** SUPPLIED ENTRIES **
-*-
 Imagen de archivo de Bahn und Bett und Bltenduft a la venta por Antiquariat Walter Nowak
-*-
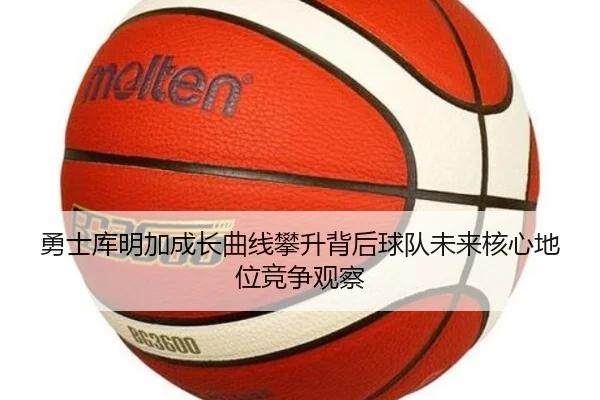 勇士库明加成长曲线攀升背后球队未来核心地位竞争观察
-*-
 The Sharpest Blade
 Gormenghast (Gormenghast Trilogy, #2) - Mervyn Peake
-*-
In the listing above, find the line with "The Sharpest Blade" and the line with "Gormenghast (Gormenghast Trilogy, #2)", then print exactly those lines and every line between them.

** WRITTEN ANSWER **
 The Sharpest Blade
 Gormenghast (Gormenghast Trilogy, #2) - Mervyn Peake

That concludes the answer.